Skip to content

Subset

polaris.dataset.Subset

The Subset class provides easy access to a single partition of a split dataset.

No need to create this class manually

You should not have to create this class manually. In most use-cases, you can create a Subset through the get_train_test_split method of a BenchmarkSpecification object.

Featurize your inputs

Not all datasets are already featurized. For example, a small-molecule task might simply provide the SMILES string. To easily featurize the inputs, you can pass or set a transformation function. For example:

import datamol as dm

benchmark.get_train_test_split(..., featurization_fn=dm.to_fp)

This should be the starting point for any framework-specific (e.g. PyTorch, Tensorflow) data-loader implementation. How the data is loaded in Polaris can be non-trivial, so this class is provided to abstract away the details. To easily build framework-specific data-loaders, a Subset supports various styles of accessing the data:

  1. In memory: Loads the entire dataset in memory and returns a single array with all datapoints, this style is accessible through the subset.targets and subset.inputs properties.
  2. List: Index the subset like a list, this style is accessible through the subset[idx] syntax.
  3. Iterator: Iterate over the subset, this style is accessible through the iter(subset) syntax.

Examples:

The different styles of accessing the data:

import polaris as po

benchmark = po.load_benchmark(...)
train, test = benchmark.get_train_test_split()

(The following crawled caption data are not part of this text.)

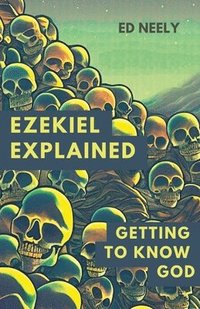 bokomslag Ezekiel Explored: Getting to Know God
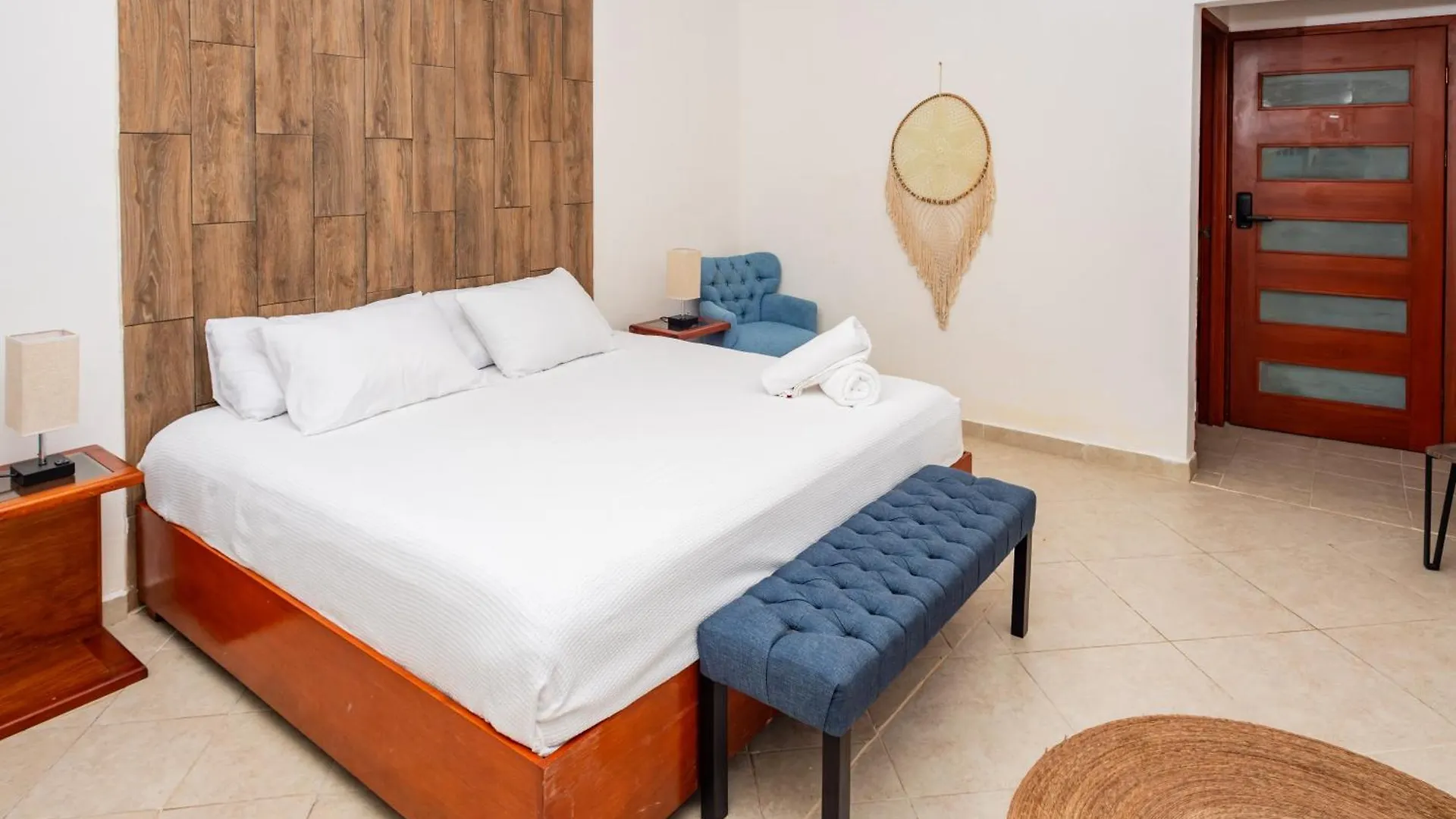 Luxury Beach Residences Puerto Morelos Mexique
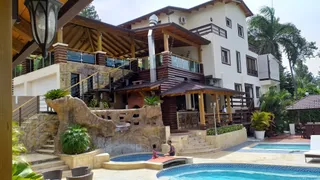 Jarabacoa Mountain Village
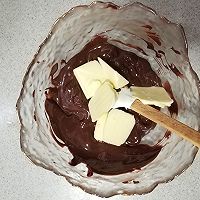 好吃到爆❗️爆浆巧克力熔岩蛋糕的做法图解2
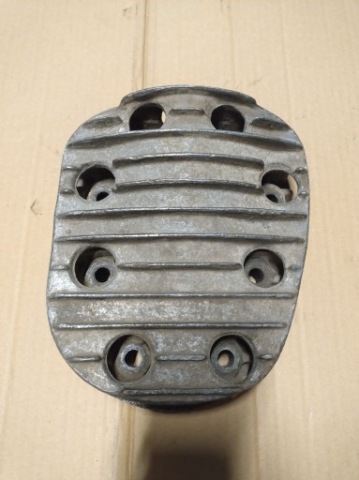 ГОЛОВКА M72 K750 DOLNOZAWOROWY 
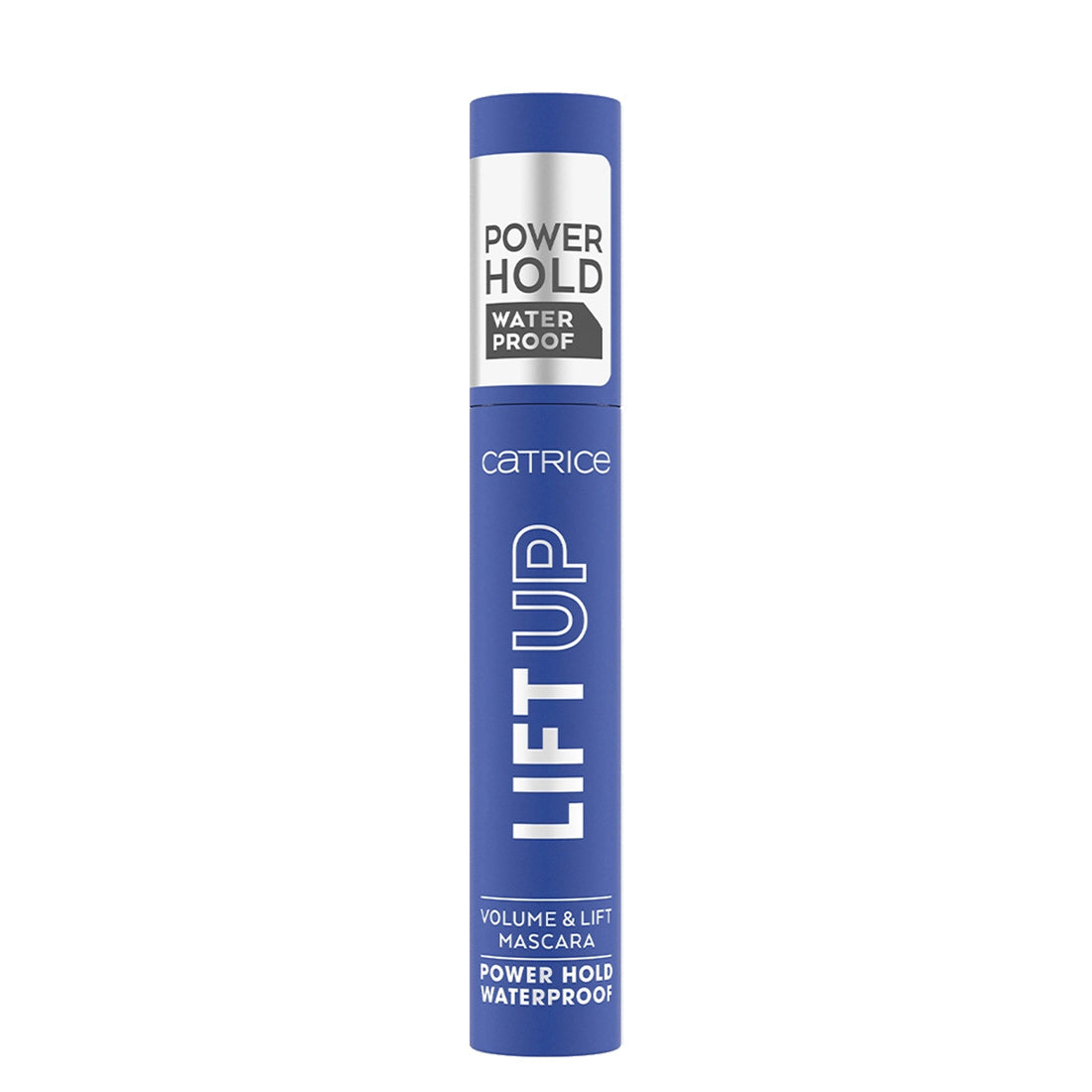Catrice Lift Up Volume & Lift Power Hold Waterproof Deep Black 010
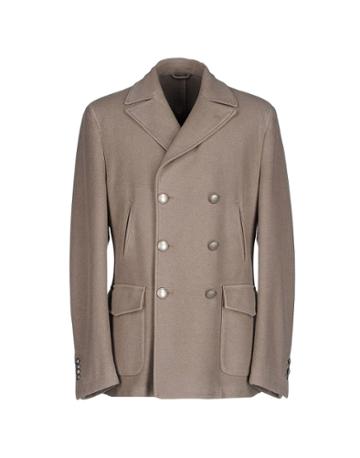 Brando Jackets
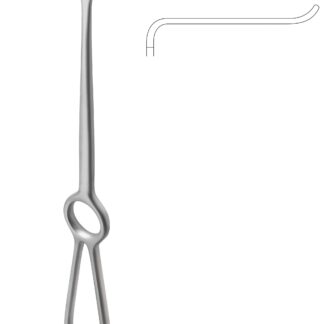 48-716-42-07  ~ WANGEN-LIPPEN HAKEN N. ARNETT, 10X40 MM ~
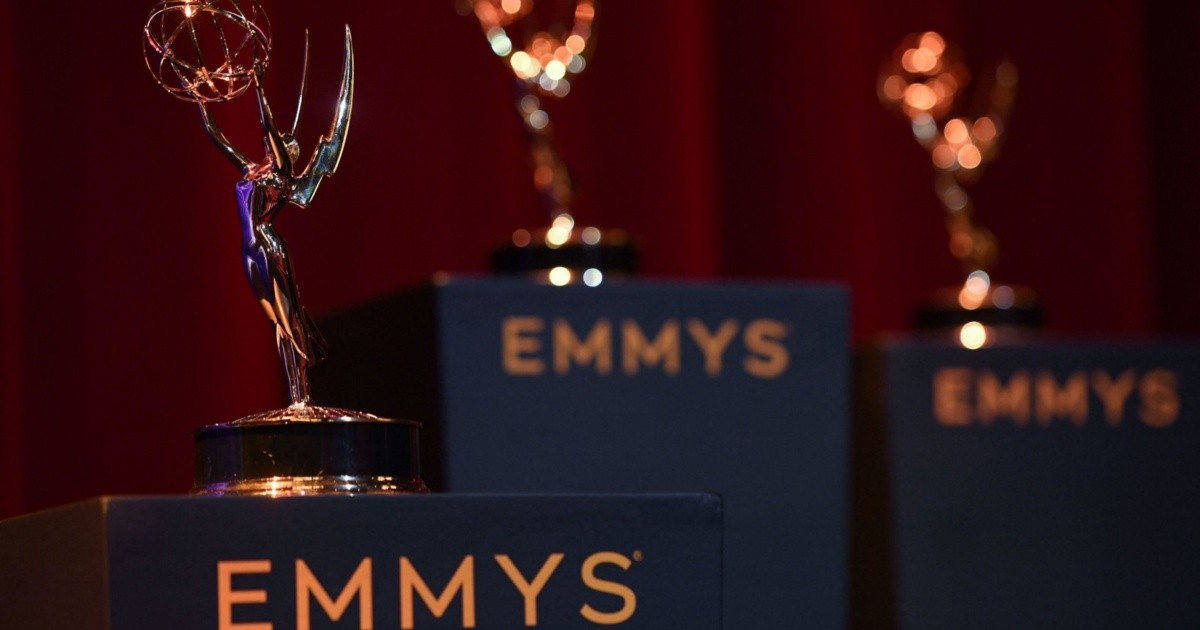 Emmy 2021: nominados, hora y canal para ver en vivo
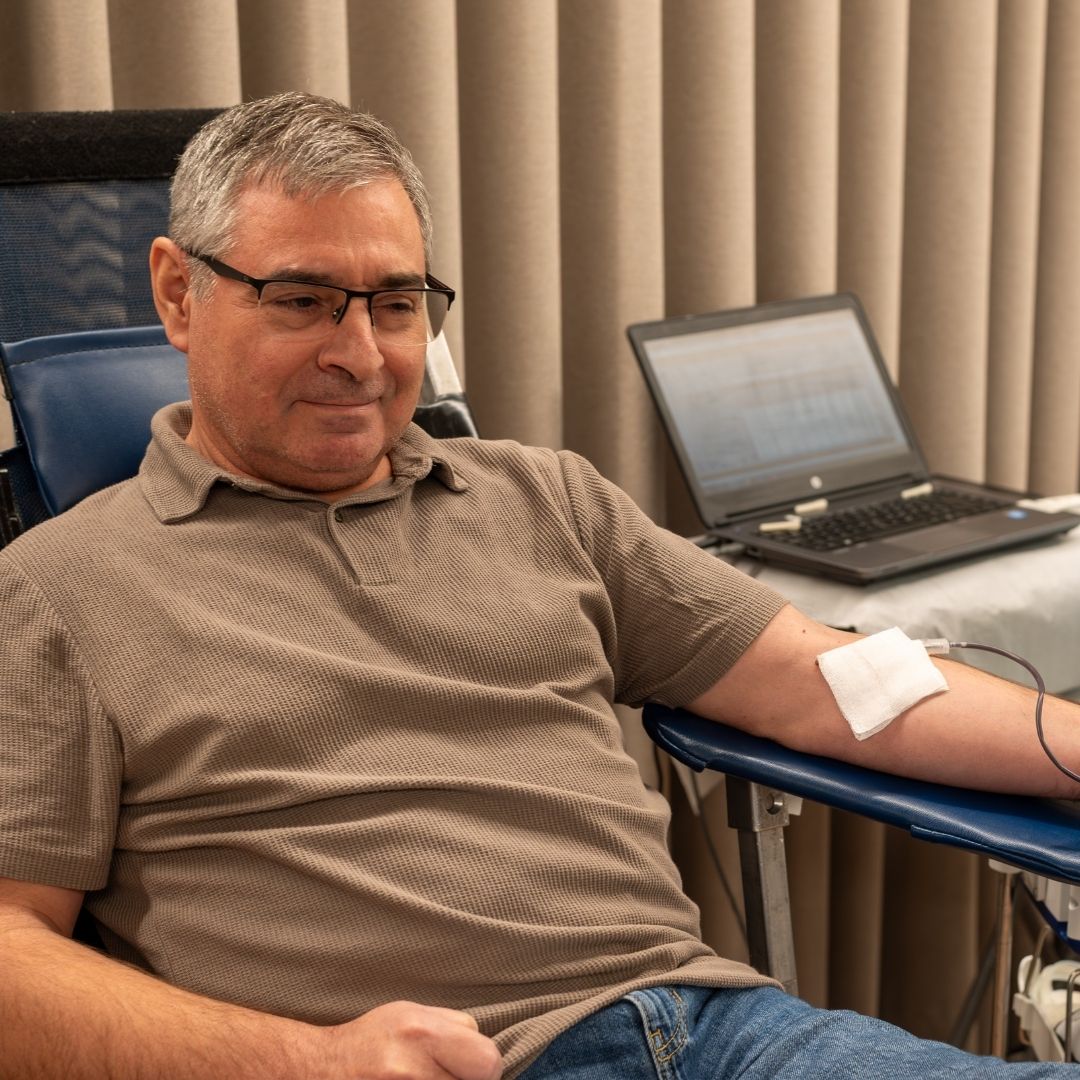 Solidarity that Transforms Lives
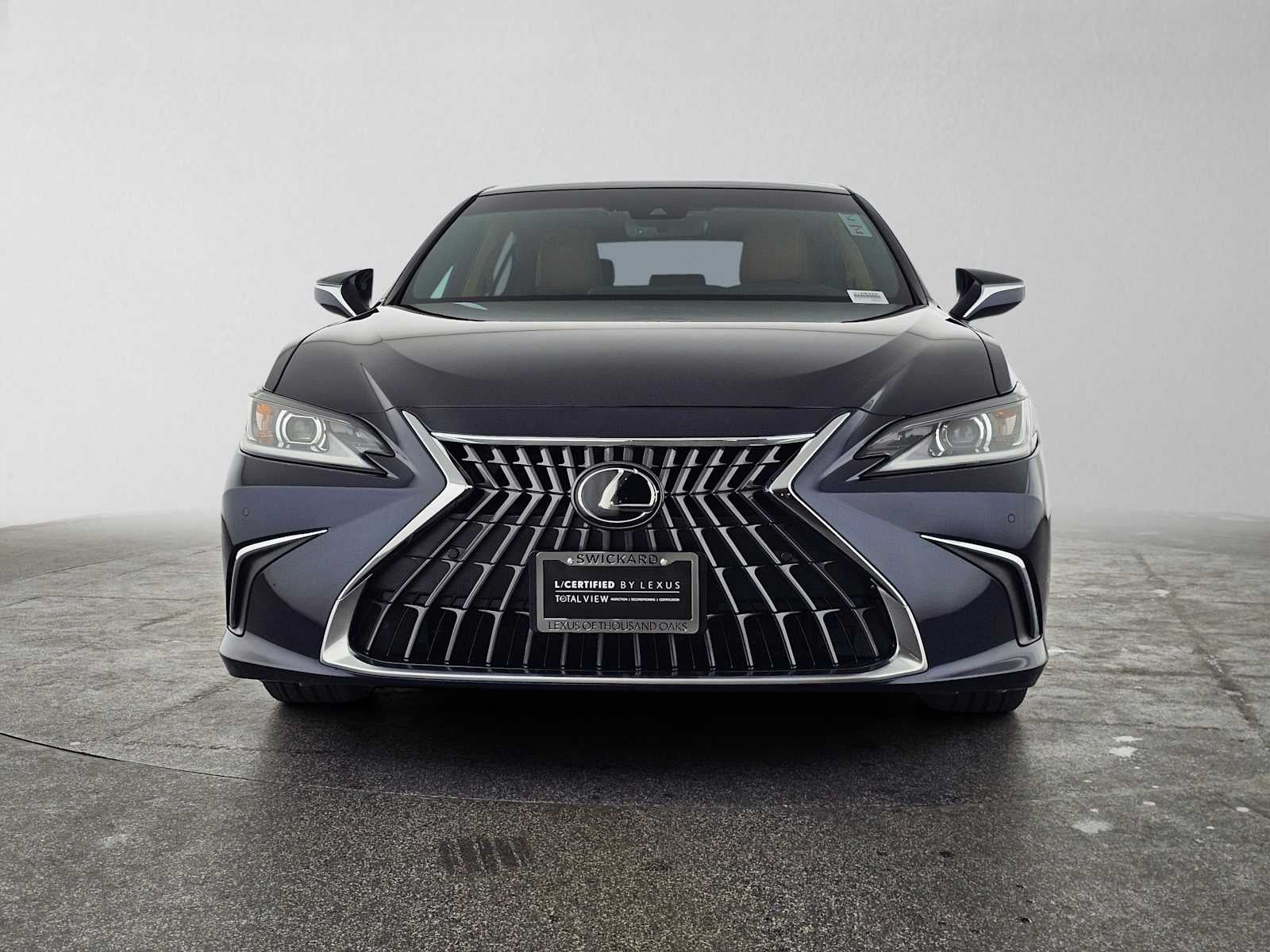 2024 Lexus ES 350 ES 350
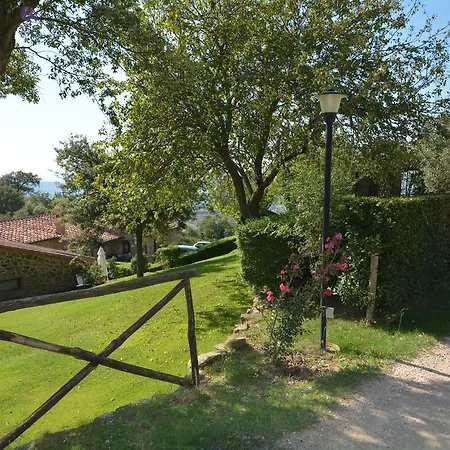 Podere L'aione Farm stay Scansano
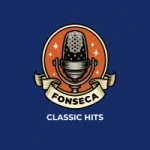 Logo da Rádio Fonseca Classic Hits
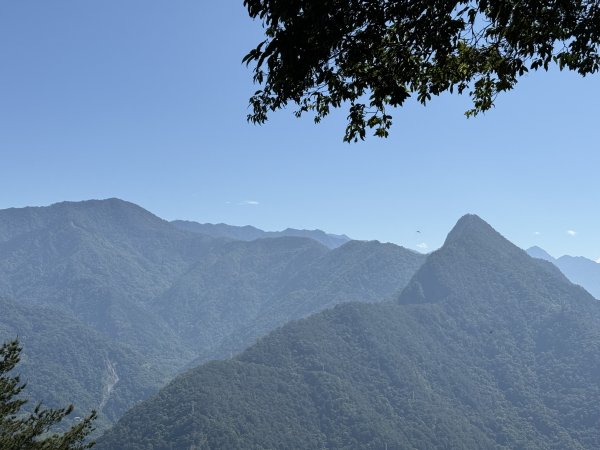 白毛山O繞+臭頭山 202505172791734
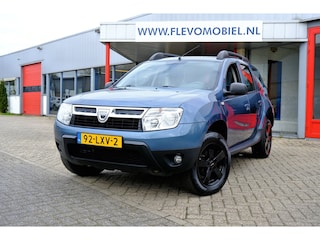 Dacia Duster 1.6 Lauréate 2wd Airco|LMV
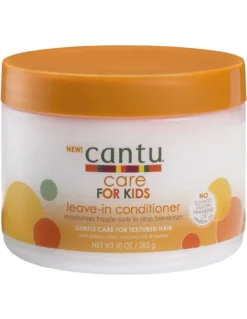 For Kids Amaciador Leave In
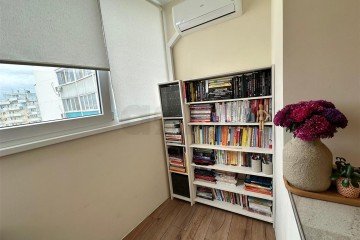 Фото №4: 1-комнатная квартира 48 м² - Краснодар, мкр. Гидростроителей, ул. имени Невкипелого, 6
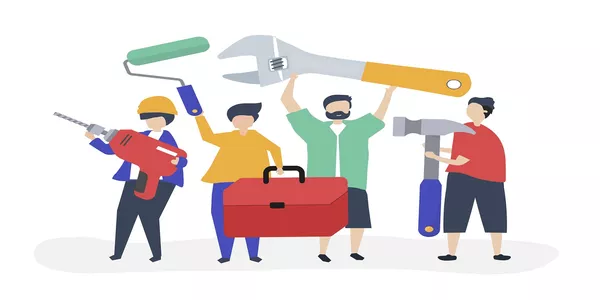 Fachkräftestrategie der Bundesregierung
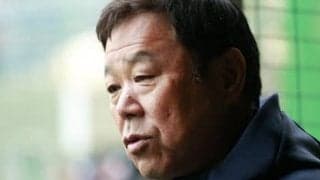 オリックス福良GMが明かす、アダム・ジョーンズ獲得の舞台裏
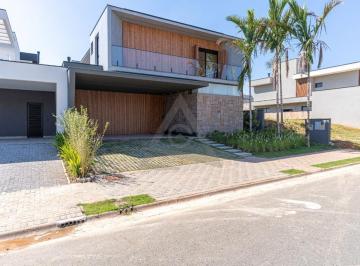 Casa · 302m² · 4 Quartos · 4 Vagas · Casa à venda em Campinas, Loteamento Residencial Arborais, com 4 suítes, com 302 m²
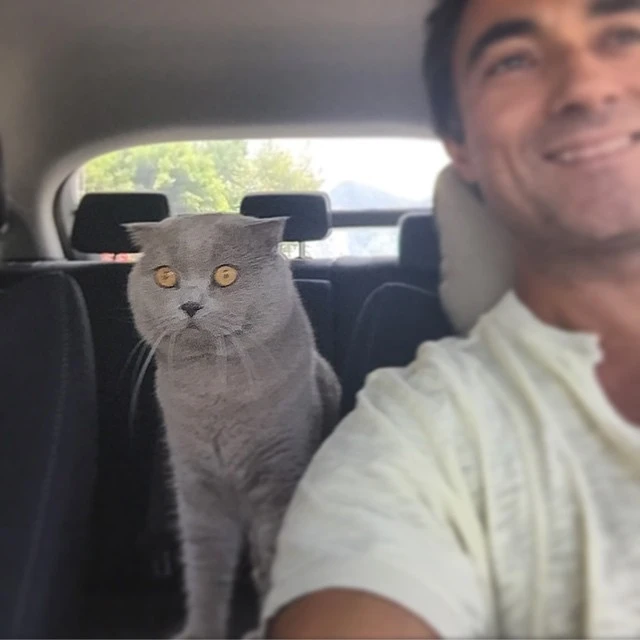 Актеры сериала «Великолепный век» за кадром (фото)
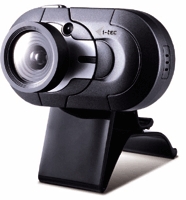 i-Tec Webcam iCam Tracer CCD - 1280x960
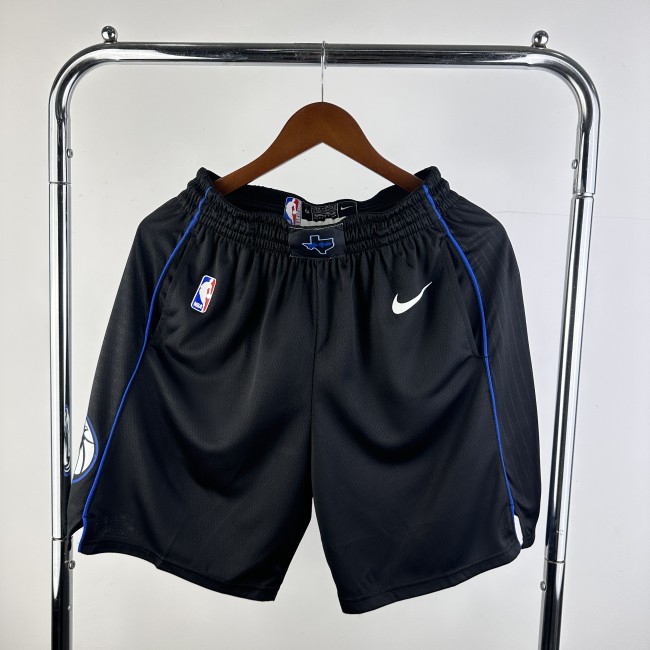 Dallas Mavericks  Basketball Shorts  City Edition 23/24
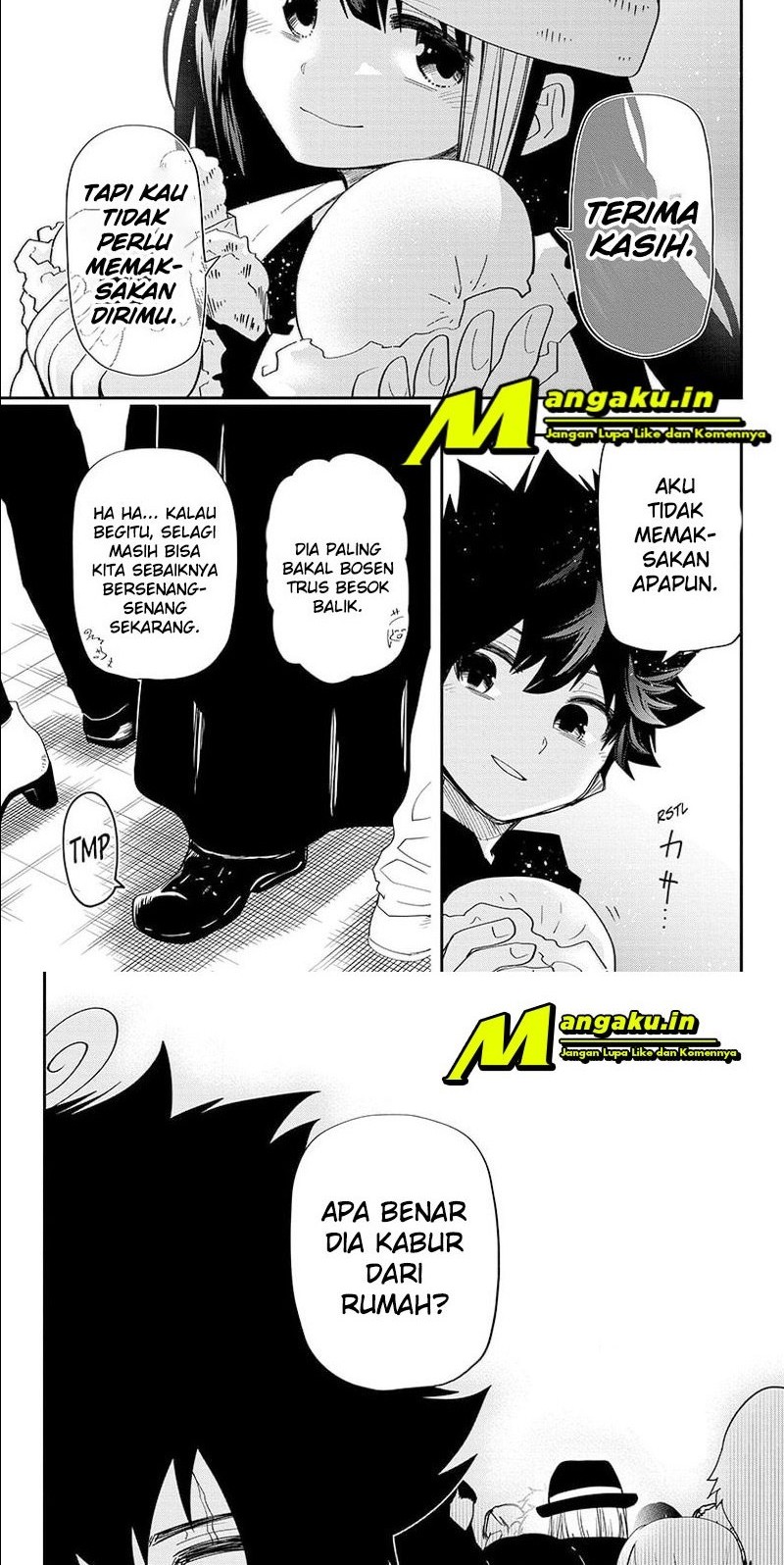Chapter 117 - halaman 9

# Load the entire dataset in memory, useful for e.g. scikit-learn.
X = train.inputs
y = train.targets

# Access a single datapoint as with a list, useful for e.g. PyTorch.
x, y = train[0]

# Iterate over the dataset, useful for very large datasets.
for x, y in train:
    ...

Raises:

Type Description
TestAccessError

When trying to access the targets of the test set (specified by the hide_targets attribute).